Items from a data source
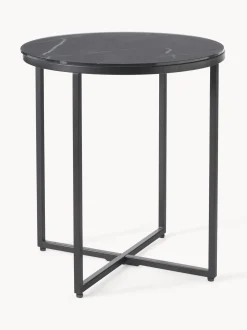 Mesa Auxiliar Redonda Antigua, Tablero De Vidrio En Aspecto Marmol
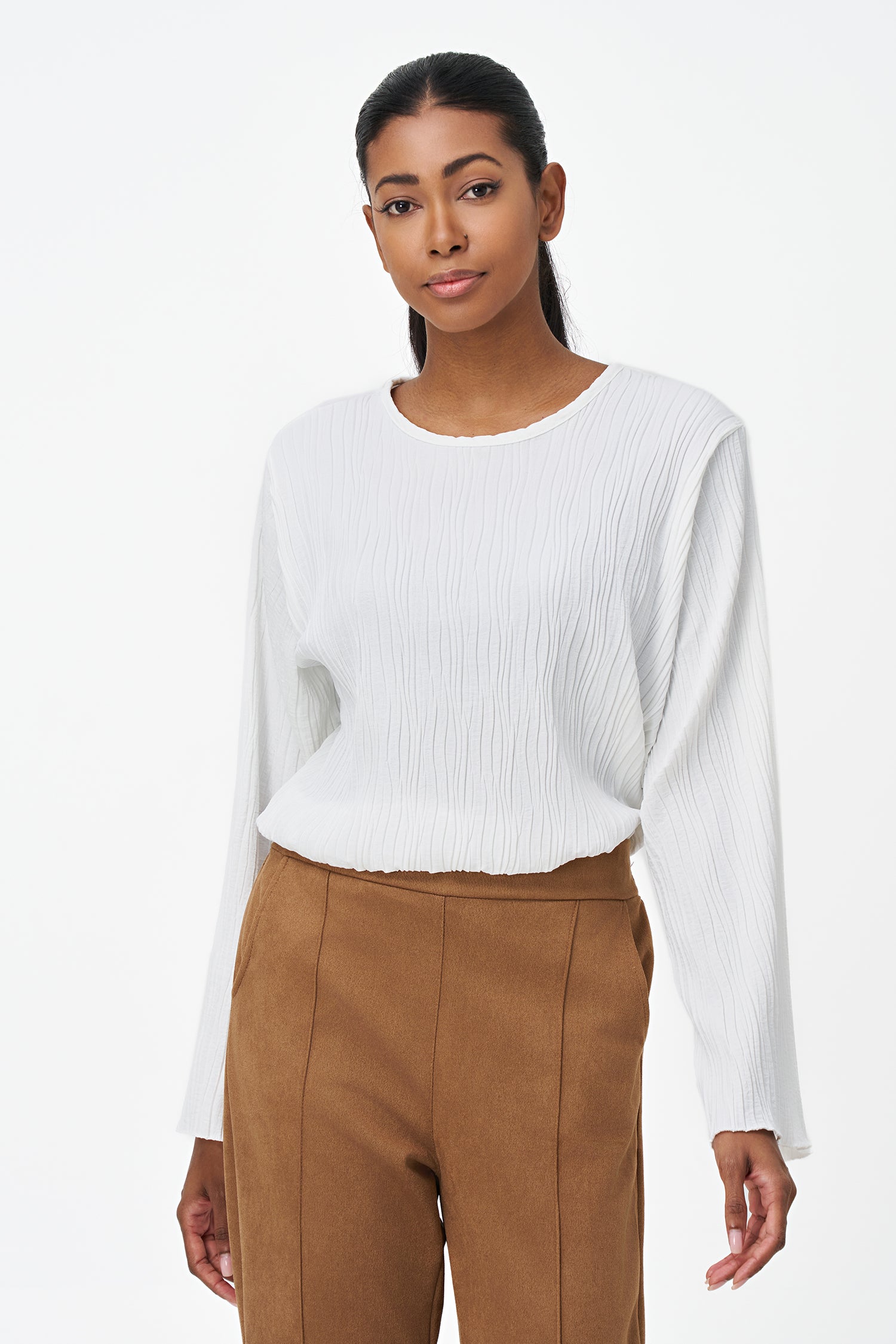 Women's Woven Crew-Neck Long Sleeve Top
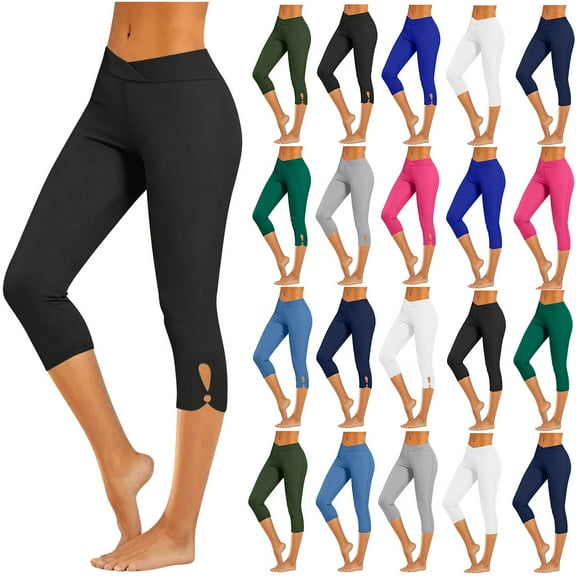 QATAINLAV Sales of The Day! Capri Leggings for Women 2025 Dressy Casual Summer Capris V Crossover High Waisted Knee Length Crop Pants Ladies Clothing Light Blue L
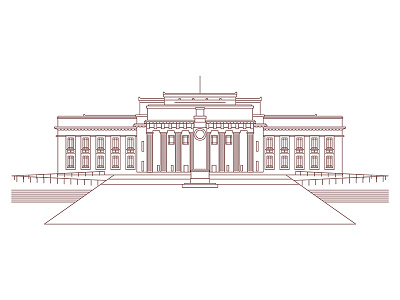 Auckland Museum Dribbble architecture auckland building design drawing flat history illustration illustrator line lineart memorial minimal museum new zealand nz old retro vector war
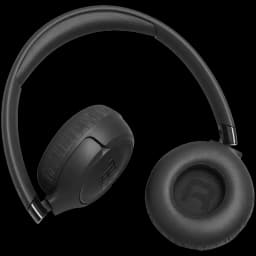 JBL Tune 680NC Noir, casque supra-auriculaire pliable, coussinets rembourrés L/R visibles, arceau mat, design fermé, boutons intégrés, style épuré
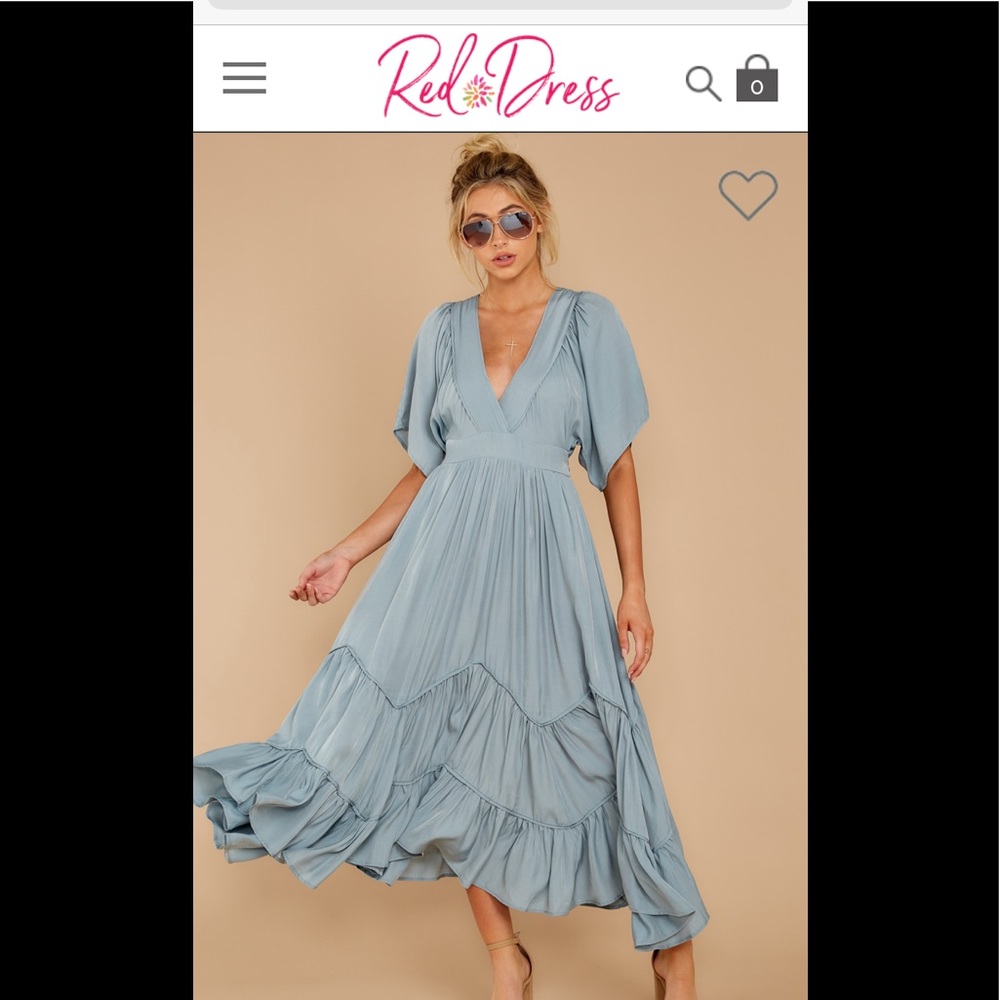 Dusty Blue Ruffle Midi Dress with Pockets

Exercise description -
Transcribe the records above exactly, excluding every picture.

Answer to the problem -
 Mesa Auxiliar Redonda Antigua, Tablero De Vidrio En Aspecto Marmol
 Women's Woven Crew-Neck Long Sleeve Top
 QATAINLAV Sales of The Day! Capri Leggings for Women 2025 Dressy Casual Summer Capris V Crossover High Waisted Knee Length Crop Pants Ladies Clothing Light Blue L
 Auckland Museum Dribbble architecture auckland building design drawing flat history illustration illustrator line lineart memorial minimal museum new zealand nz old retro vector war
 JBL Tune 680NC Noir, casque supra-auriculaire pliable, coussinets rembourrés L/R visibles, arceau mat, design fermé, boutons intégrés, style épuré
 Dusty Blue Ruffle Midi Dress with Pockets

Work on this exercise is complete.